Still, she hadn't said anything about it because the gift had been his idea and the wrapping had been all on him as well. She decided, though, she wasn't going to let him take full credit for it until she knew how Sophia would react. If Sophia liked it, it was all Daryl's doing. If Sophia didn't, they'd share the burden of the disappointment fifty-fifty.
Daryl passed Sophia the lumpy package and Sophia examined it before she tore it open. The glove stayed in her hand, but the ball dropped into her lap and rolled out. She looked at it, brow furrowed, and then the smile spread across her face that let Carol know they'd found a winner in the gift.
"It's all your Daddy's doing," Carol offered. "He picked it out."
Sophia grinned at Daryl.
"It's mine?" She asked.
He chuckled.
"Yeah, it's yours," he said.
"Can we play?" Sophia asked.
He shrugged.
"Of course we can play," he said. "You know how to wear the glove?"

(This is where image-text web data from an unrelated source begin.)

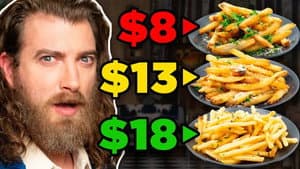 Frozen vs. Fast vs. Fancy Food Taste Test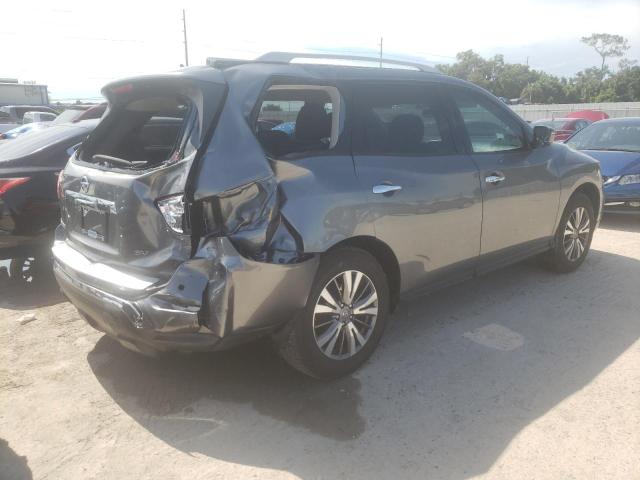 Photo 4 from auction – 2018 NISSAN PATHFINDER with VIN 5N1DR2MN6JC664792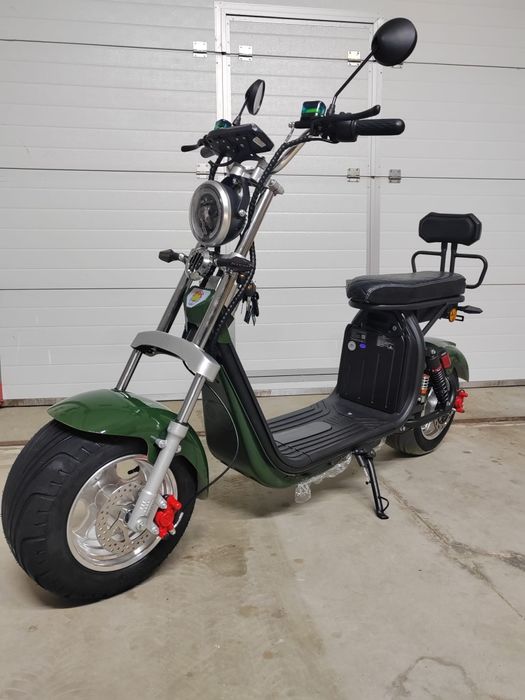 Scuter electric nou City Volta 60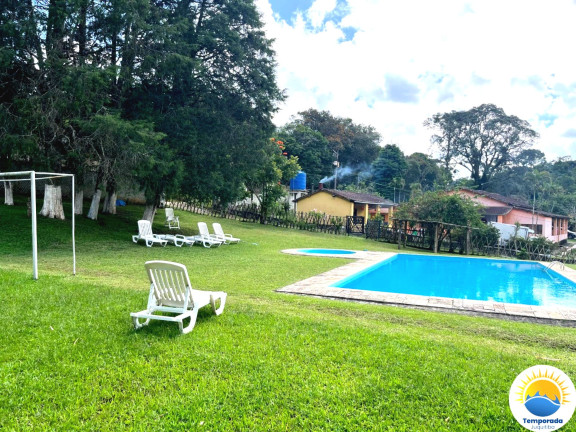 Imagem Imóvel com 6 Quartos para Alugar ou Temporada,  em Meia Légua - Juquitiba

She looked at it and shook her head and Daryl got to his feet, offering a hand out to Sophia who abandoned what was left of her cake and let him pull her up to her feet with her prizes. She shot a quick grin back in Carol's direction and Carol couldn't help but smile at her excitement over the idea of a first game of catch in the park with Daryl.
"You don't need a glove?" Carol heard Sophia ask Daryl as he led her off a short distance so that stray balls wouldn't bombard her and Alice as they lounged on the blanket and kept an eye out for ants.
"Not yet," Daryl commented. "My hands are tough enough…at least until you build you up some good strength in your throwin' arm…then I'll get me one too."